Scheme	Bits per pixel	Colours
1-bit black & white	1	2
8-bit greyscale	8	256
24-bit RGB true colour	24 (8 per channel)	16,777,216
32-bit ARGB	32 (8 alpha + 8 R + 8 G + 8 B)	16M with transparency

The bit depth (or colour depth) determines the number of representable colours: 2ⁿ for n bits.

Image file size estimate

file size ≈ width × height × bit depth ÷ 8   (in bytes, uncompressed)

A 1920×1080 24-bit photo:

1920 × 1080 × 24 ÷ 8 = 6,220,800 bytes ≈ 5.9 MB (uncompressed BMP)

Compression (JPG, PNG) typically reduces this by 5×–20×.

Worked example · Why JPG is smaller than BMP for photos

JPG uses lossy compression that discards detail the eye is unlikely to notice (high-frequency components in colour channels).
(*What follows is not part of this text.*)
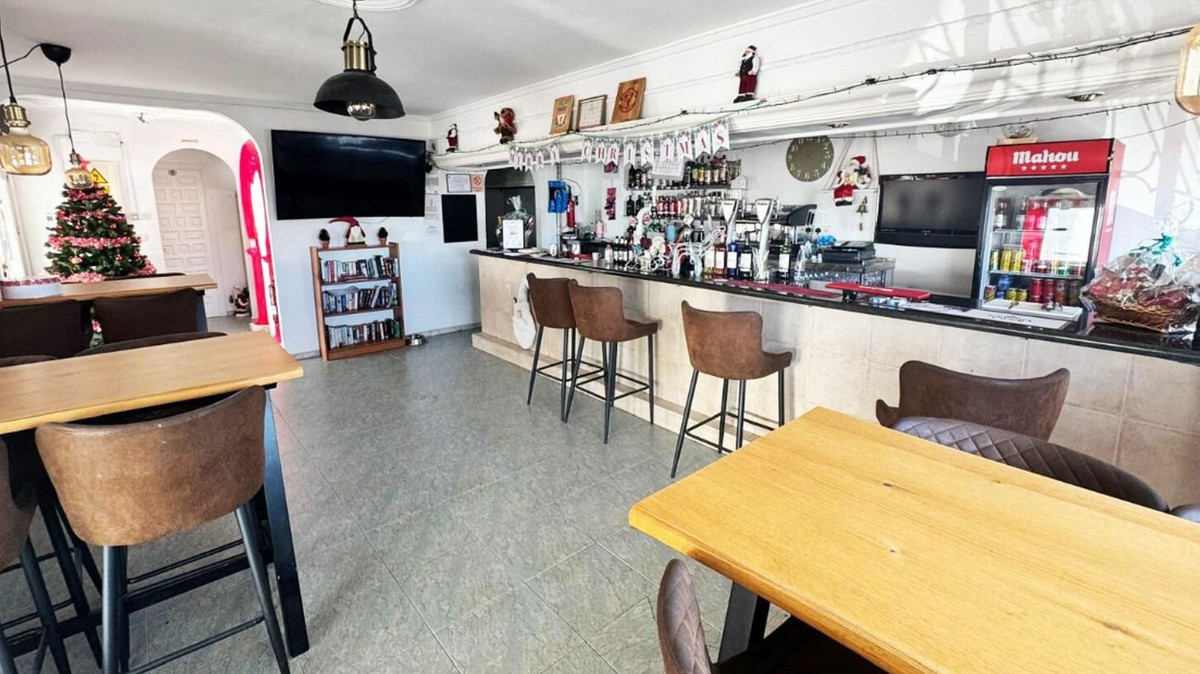 5 Bed Commercial unit for sale in San Fulgencio Costa Blanca, Alicante, Spain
The same 5.9 MB BMP often becomes a 600 KB JPG with imperceptible quality loss.

How audio is digitised

Sound is a continuous pressure wave. To digitise it:

Step 1 · Sampling rate — how often to measure

The microphone is sampled at regular intervals. Common rates:

Sampling rate	Use case
8 kHz	Telephone
22.05 kHz	Low-quality voice recording
44.1 kHz	CD audio
48 kHz	Pro audio, video
96 / 192 kHz	High-resolution audio

Higher rates capture higher frequencies (Nyquist theorem: ≥ 2× the highest frequency to be preserved).
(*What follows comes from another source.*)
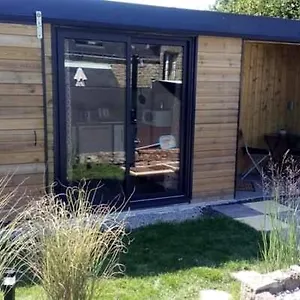 chalet-2-pers-aux-portes-de-vannes-jacuzzi-en-option.inbrittany.com/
Step 2 · Bit depth — how precise each sample is

Bit depth	Use case
8-bit	Telephone, simple toys
16-bit	CD audio, MP3
24-bit	Studio recording

Step 3 · Channels

Channels	Description
Mono	1 channel
Stereo	2 channels (L + R)
5.1 surround	6 channels

Audio file size estimate

file size ≈ sample rate × bit depth × channels × duration ÷ 8   (in bytes, uncompressed)
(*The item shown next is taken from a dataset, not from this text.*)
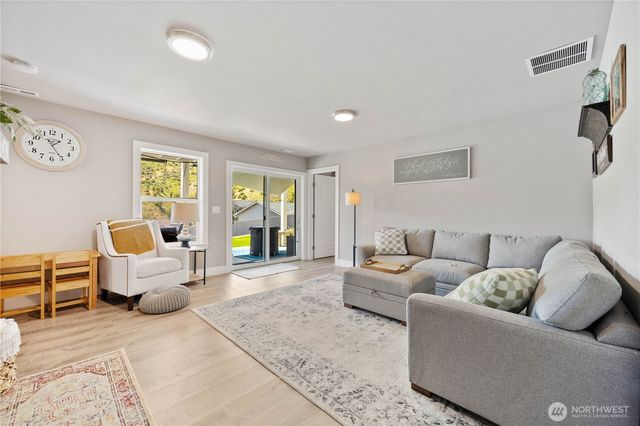 9968 Griffith Place, Entiat, WA 98822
3 minutes of CD-quality stereo audio:

44,100 × 16 × 2 × 180 ÷ 8 = 31,752,000 bytes ≈ 30 MB

MP3 compression brings this to about 3 MB.

How video is digitised

Video is a sequence of still frames (each digitised as an image) plus an audio track.

Property	Examples
Frame rate (fps)	24 (film), 30 (TV), 60 (high motion), 120 (slow-mo)
Resolution	720p (1280×720), 1080p, 4K (3840×2160), 8K
Bit depth	typically 8 bits per channel (24 bpp)
Codec	H.264, H.265, AV1, VP9

Video file size estimate (uncompressed)

file size ≈ width × height × bit depth × frame rate × duration ÷ 8

For 1080p 30fps 24-bit, 1 minute:

1920 × 1080 × 24 × 30 × 60 ÷ 8 ≈ 11 GB

Real H.264 compressed video for the same minute → about 70–200 MB (50–150× smaller).

Compression — lossless vs lossy

Type	What it does	Pros	Cons	Examples
Lossless	Encodes the exact original; perfectly reversible	No quality loss	Smaller savings	PNG, FLAC, ZIP
Lossy	Discards data the human senses miss	Much smaller files	Cannot recover original	JPG, MP3, MP4

When to use which

Photographs / music for casual listening → lossy is fine.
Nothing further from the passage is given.